§ The input
▬▬▬

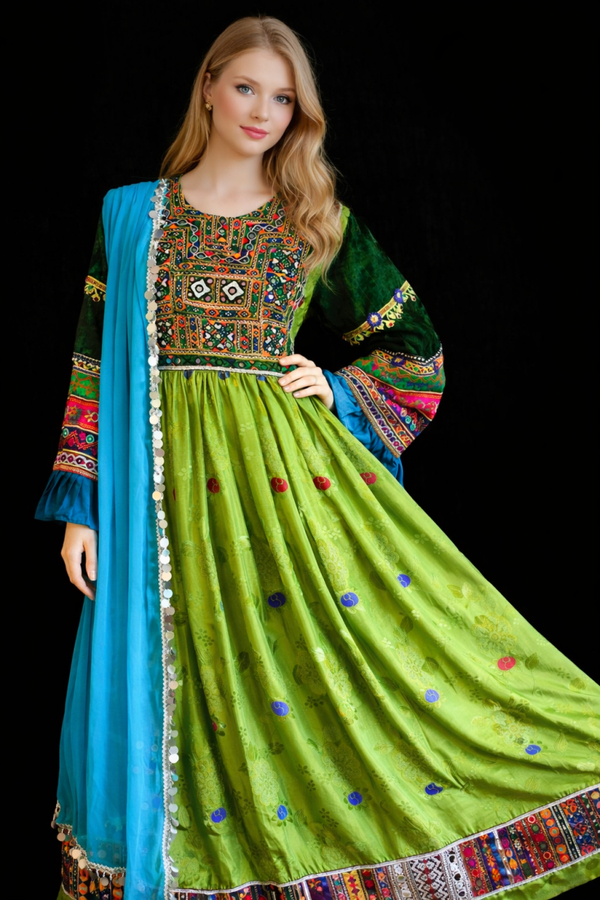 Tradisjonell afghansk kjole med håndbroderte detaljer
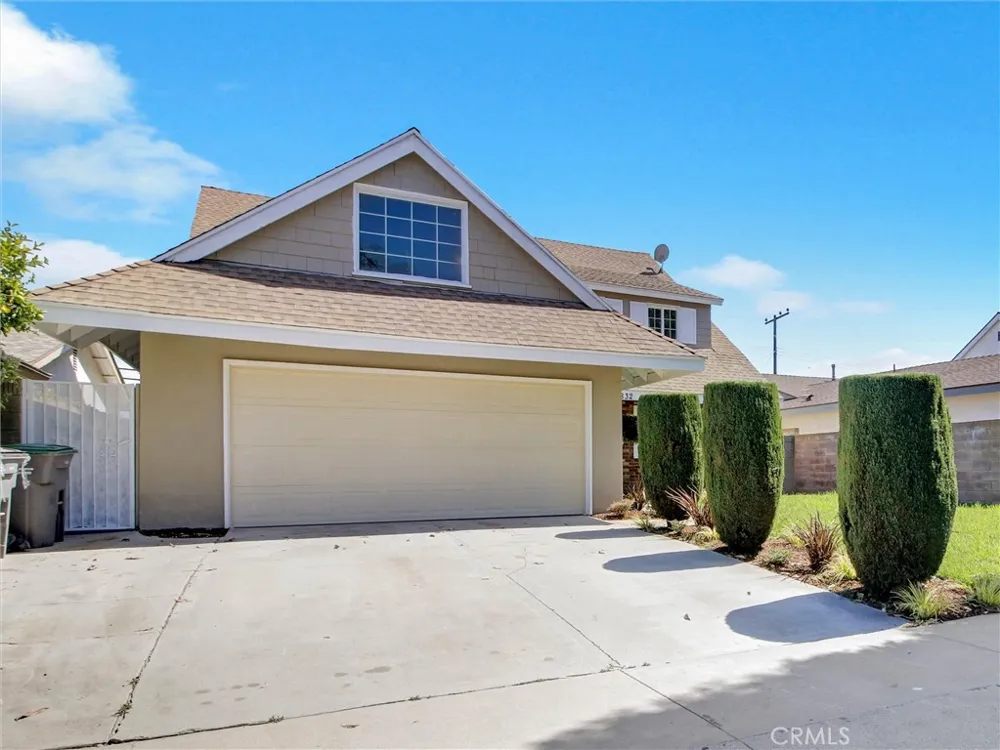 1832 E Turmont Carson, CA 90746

▬▬▬

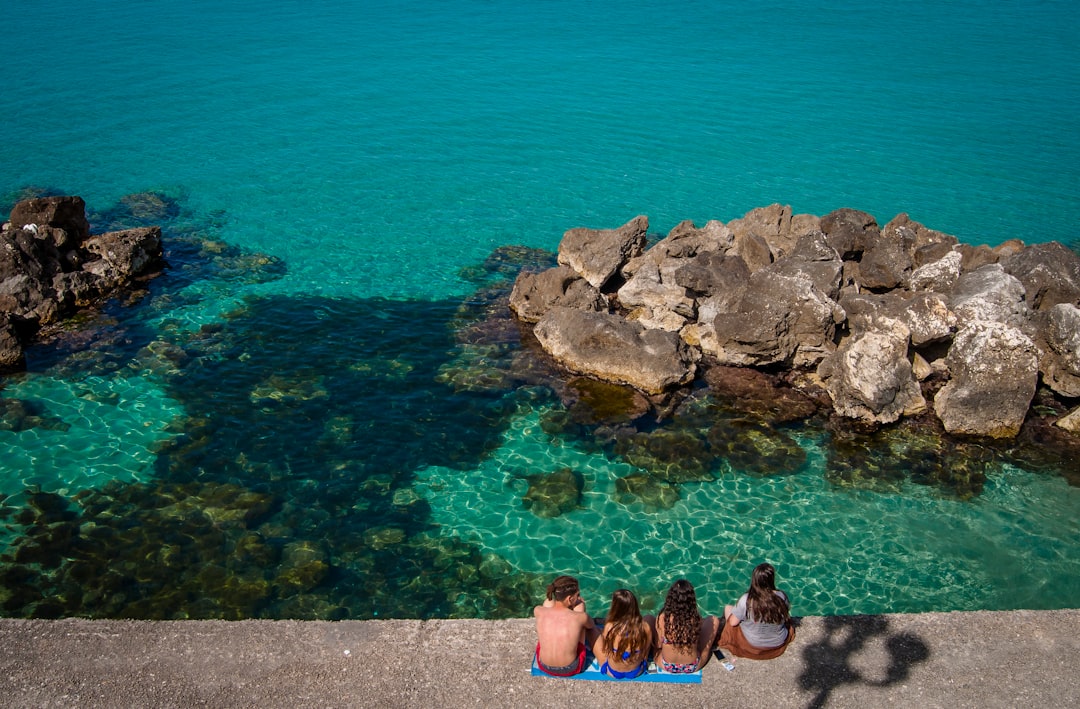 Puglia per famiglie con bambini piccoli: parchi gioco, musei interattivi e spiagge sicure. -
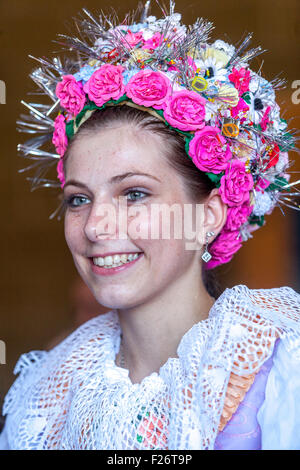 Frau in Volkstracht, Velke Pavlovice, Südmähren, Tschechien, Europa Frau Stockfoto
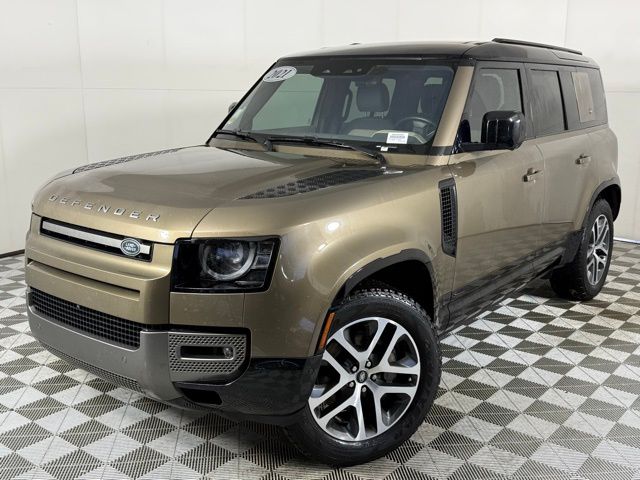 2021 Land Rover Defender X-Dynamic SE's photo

▬▬▬

§ Task goal
Taking the material above, give again exactly the lines from the one holding "Frau in Volkstracht, Velke" through the one holding "2021 Land Rover", with both ends and without pictures.

§ Response box
 Frau in Volkstracht, Velke Pavlovice, Südmähren, Tschechien, Europa Frau Stockfoto
 2021 Land Rover Defender X-Dynamic SE's photo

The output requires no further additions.